(Recorded information Opens)

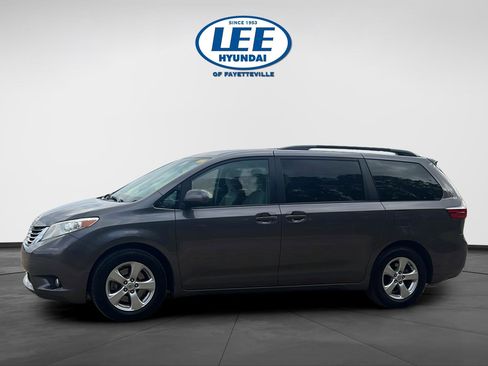 Used 2017 Toyota Sienna LE image 3
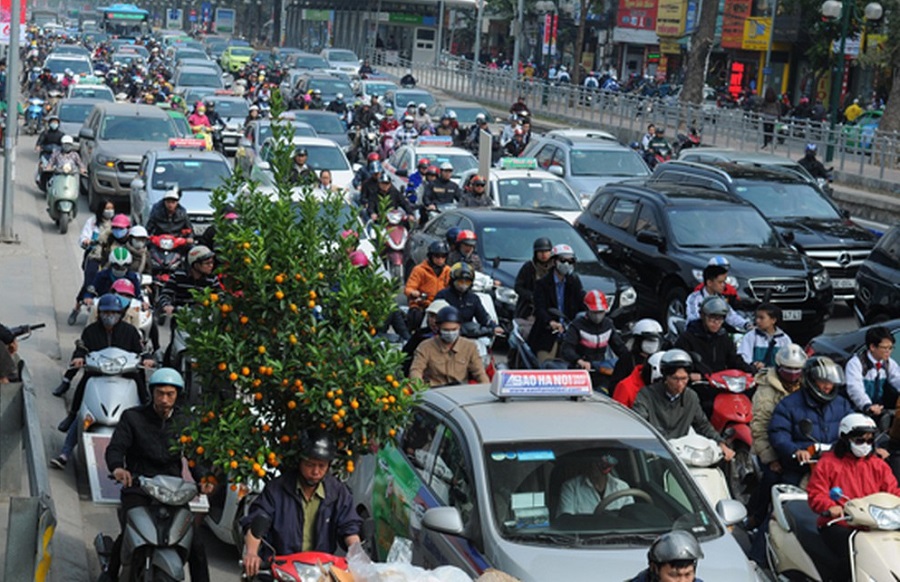 Mật độ giao thông tại các đô thị lớn như Hà Nội đang gia tăng chóng mặt kê 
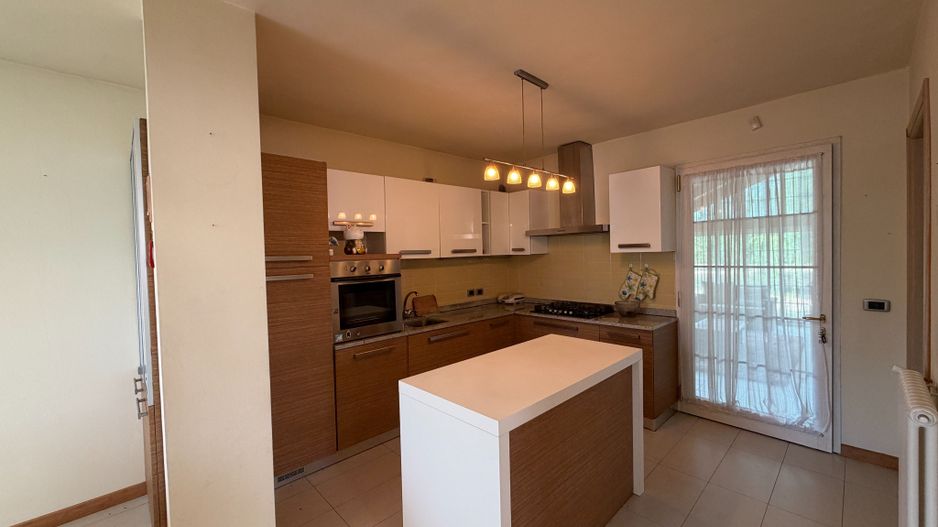 Casa cu teren 10.000mp si foarte multe posibilitati - Poză 8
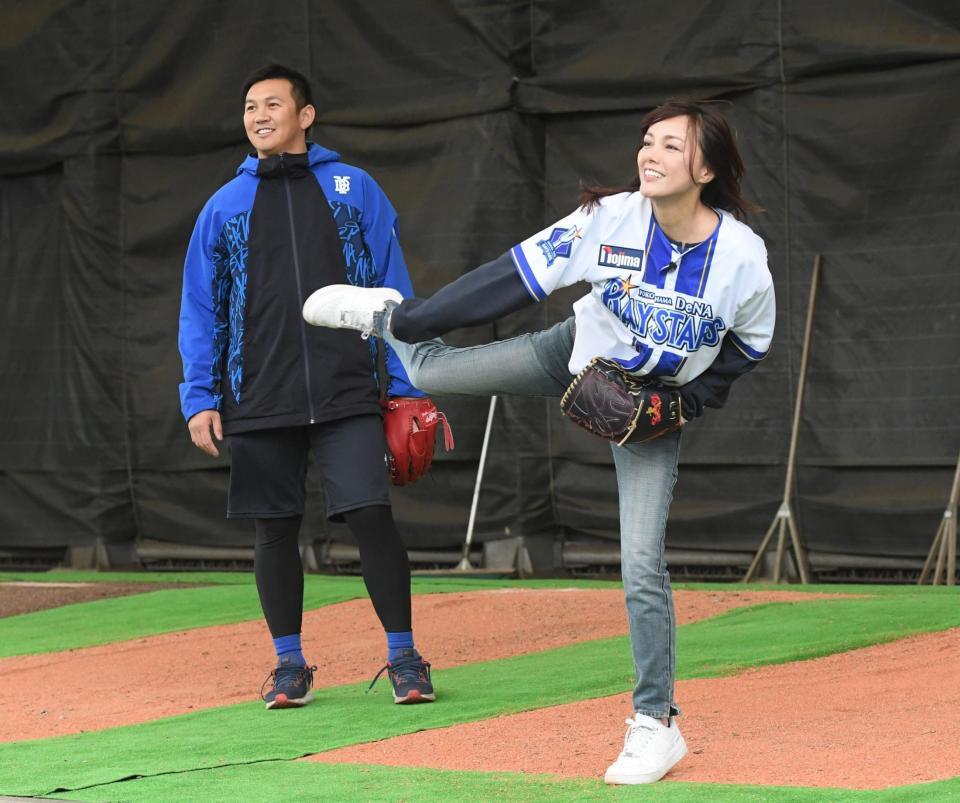 　山崎（左）のアドバイスを受けて投球練習をする相川七瀬（撮影・佐々木彰尚）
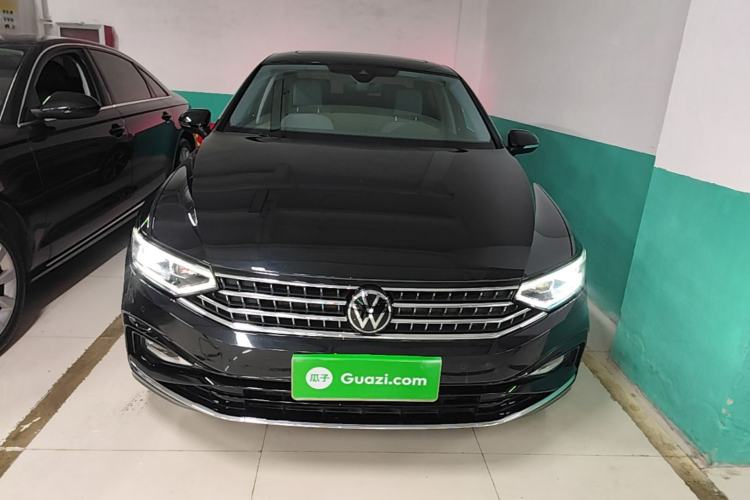 Used Volkswagen Magotan 2023 2 Million Units Commemorative Edition 330TSI DSG Luxury Version Front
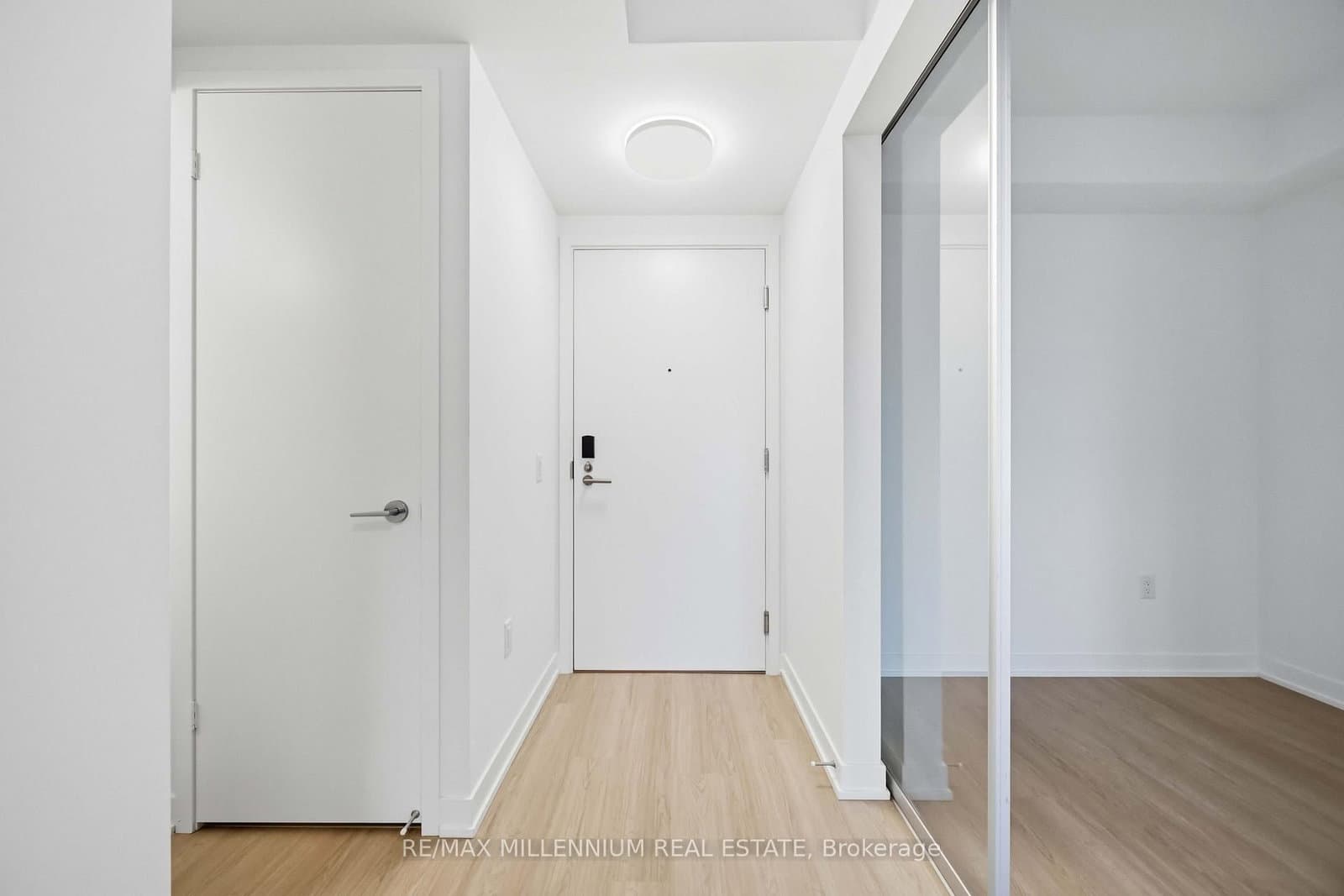 15 Salomon Drive, Unit 1703 thumbnail 4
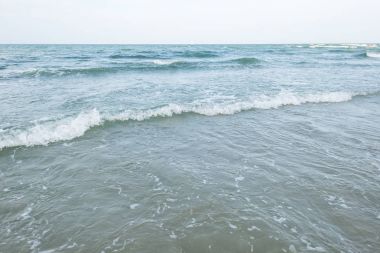 Deniz plaj ve güneş yaz gevşeme manzara bakış açısı dalga yumuşak 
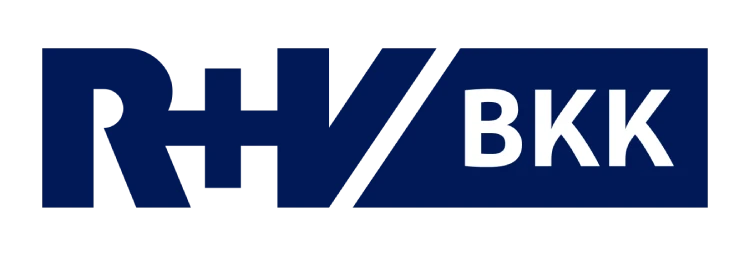 Logo der Krankenkasse bzw. Krankenversicherung R+V BKK mit blauen Schriftzug und weißen Schriftzug auf blauen Hintergrund als Logo.
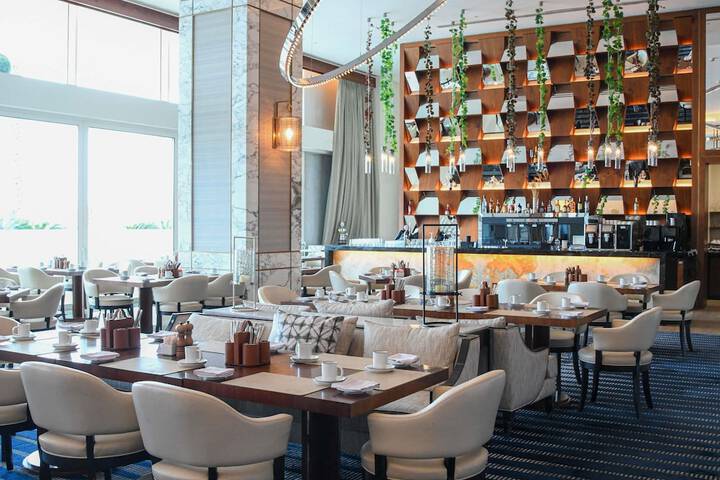 Dining 96 of 163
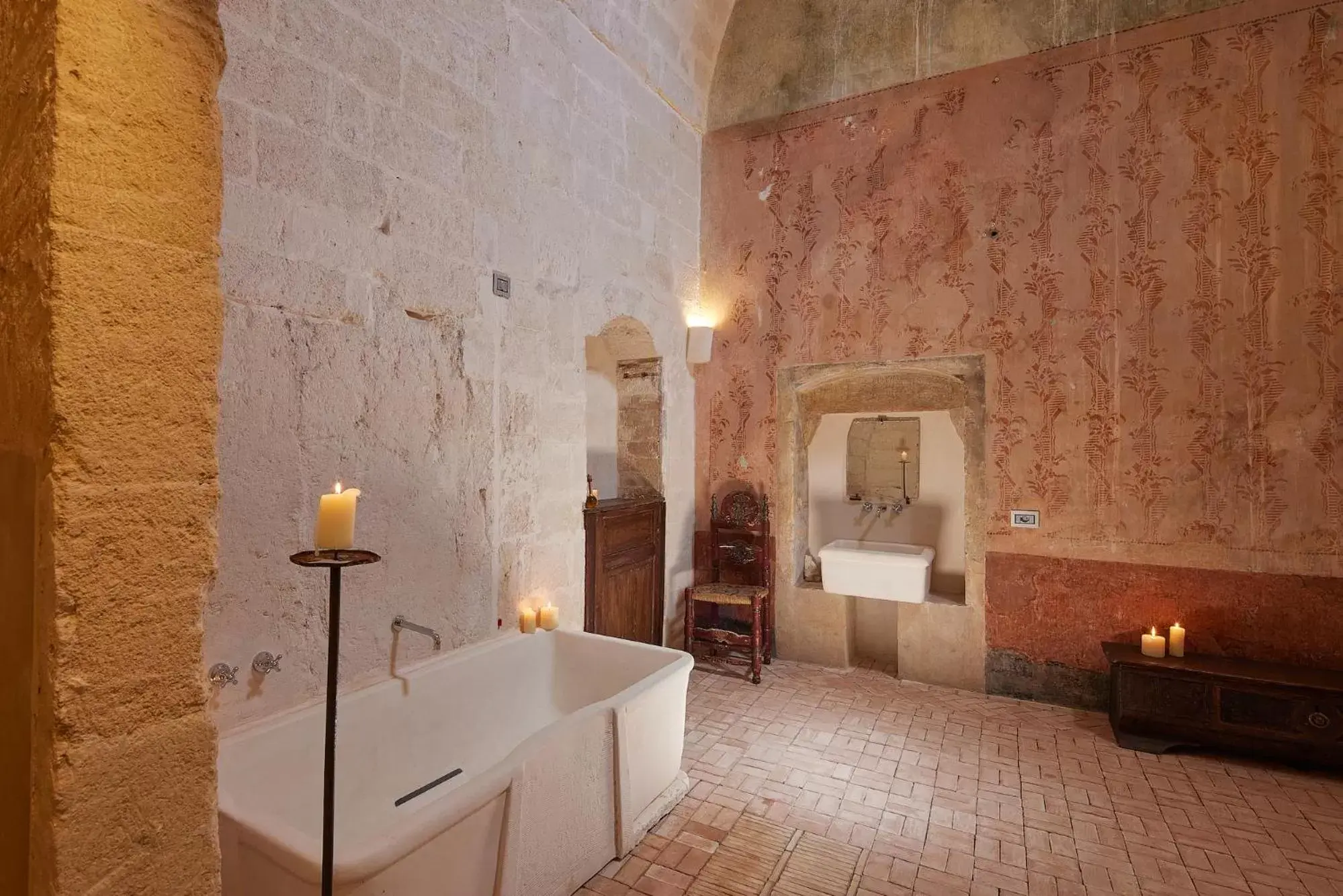 Bath in Sextantio Le Grotte Della Civita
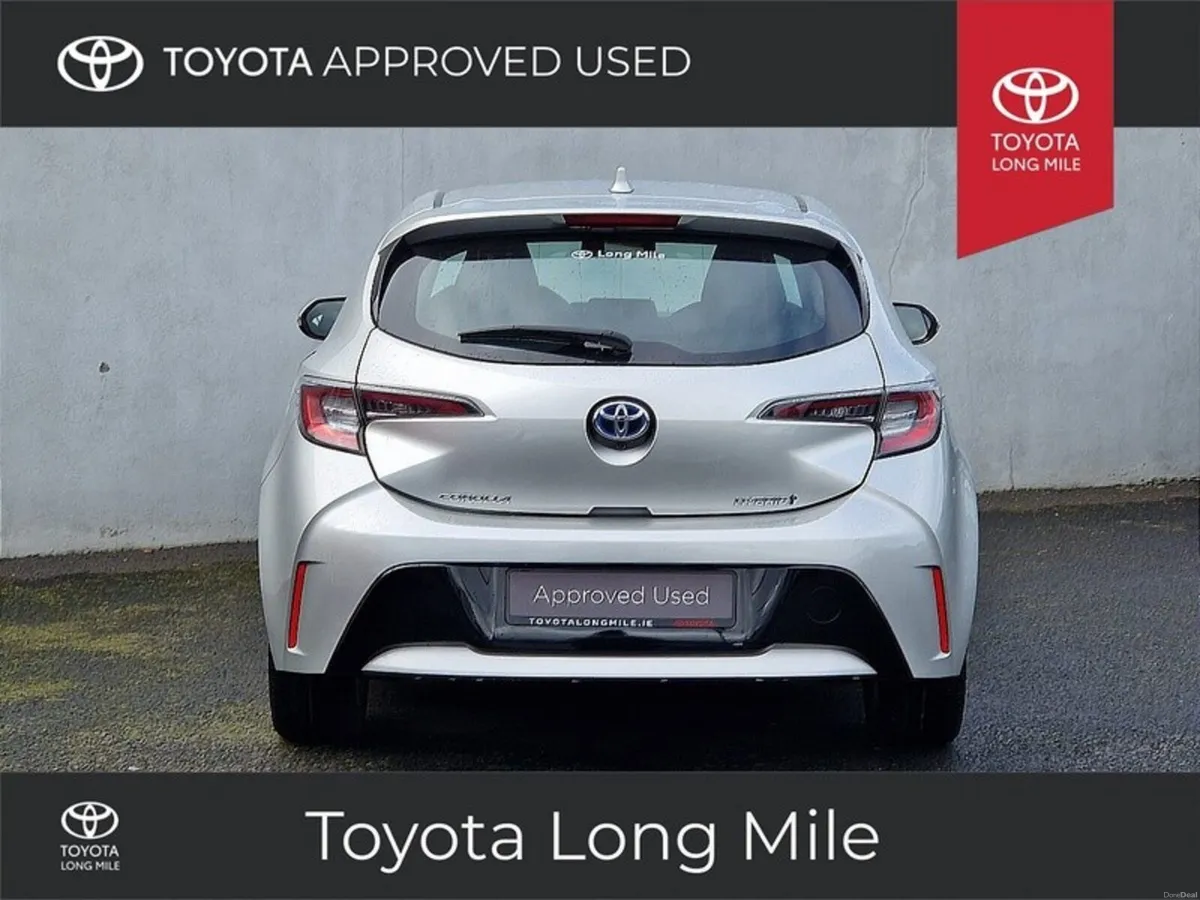 Toyota Corolla 1.8 Hybrid Luna H/B 5dr - Image 4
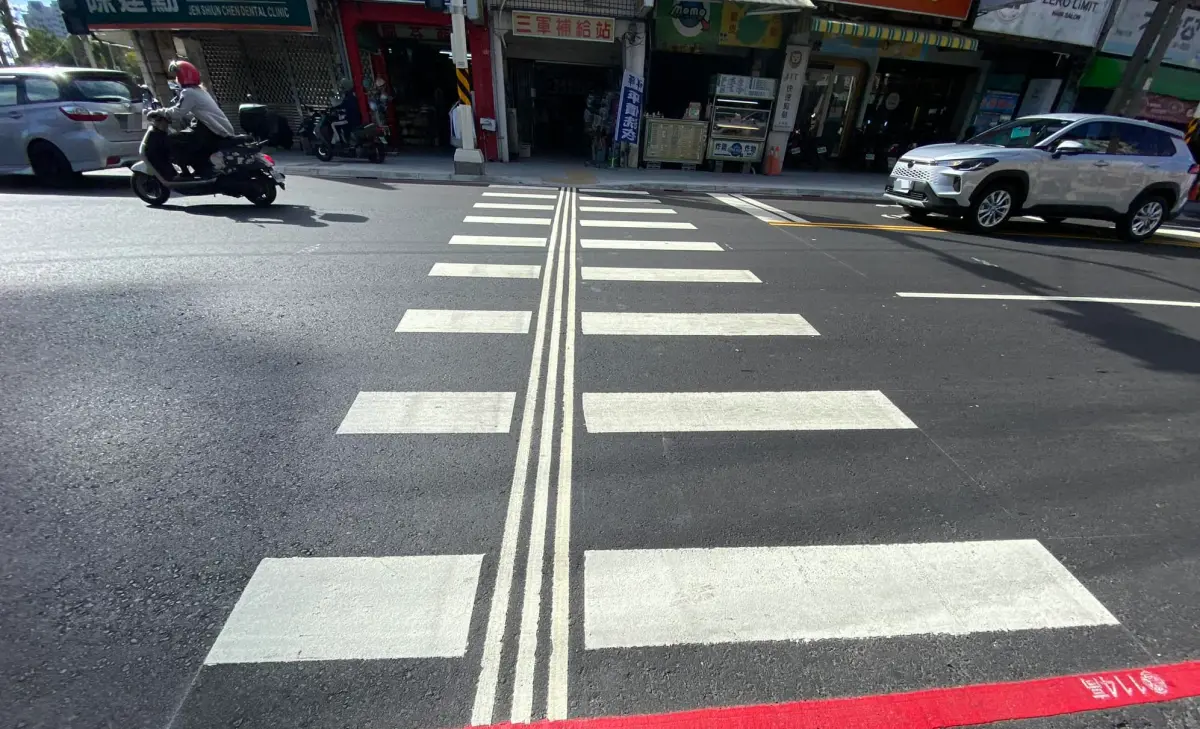 ▲有民眾直擊斑馬線上意外多出三條白線，而引來行家解答其實是「導盲行穿線」，而引起討論。（圖／翻攝爆廢公社臉書）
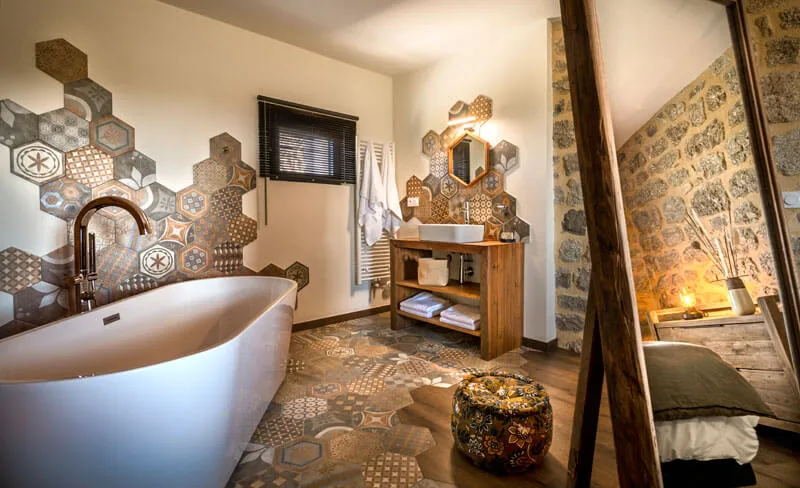 Salle de bain avec baignoire îlot et carrelage à motifs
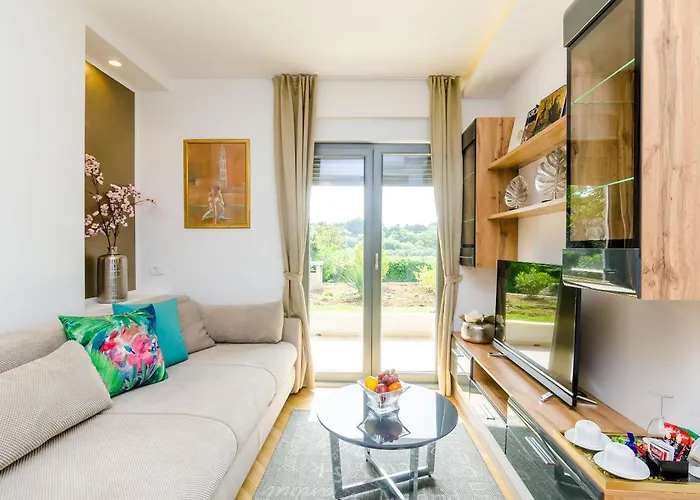 Dolores Апартаменты *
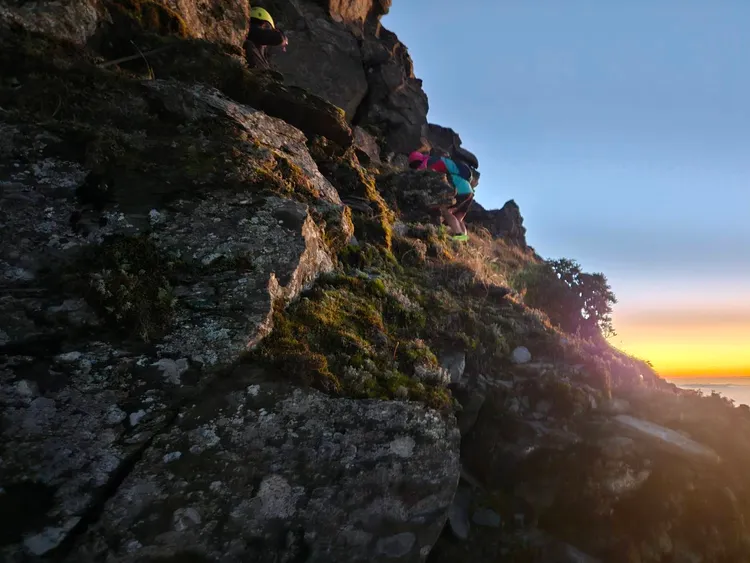 女山友攀关山，受困陡峭岩壁，险象环生。高市消防局提供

(Recorded information Closes)

Problem description -
Since the pictures are not wanted, set down only the rest of each record, exactly as above.

Solution for this task -
 Used 2017 Toyota Sienna LE image 3
 Mật độ giao thông tại các đô thị lớn như Hà Nội đang gia tăng chóng mặt kê 
 Casa cu teren 10.000mp si foarte multe posibilitati - Poză 8
 　山崎（左）のアドバイスを受けて投球練習をする相川七瀬（撮影・佐々木彰尚）
 Used Volkswagen Magotan 2023 2 Million Units Commemorative Edition 330TSI DSG Luxury Version Front
 15 Salomon Drive, Unit 1703 thumbnail 4
 Deniz plaj ve güneş yaz gevşeme manzara bakış açısı dalga yumuşak 
 Logo der Krankenkasse bzw. Krankenversicherung R+V BKK mit blauen Schriftzug und weißen Schriftzug auf blauen Hintergrund als Logo.
 Dining 96 of 163
 Bath in Sextantio Le Grotte Della Civita
 Toyota Corolla 1.8 Hybrid Luna H/B 5dr - Image 4
 ▲有民眾直擊斑馬線上意外多出三條白線，而引來行家解答其實是「導盲行穿線」，而引起討論。（圖／翻攝爆廢公社臉書）
 Salle de bain avec baignoire îlot et carrelage à motifs
 Dolores Апартаменты *
 女山友攀关山，受困陡峭岩壁，险象环生。高市消防局提供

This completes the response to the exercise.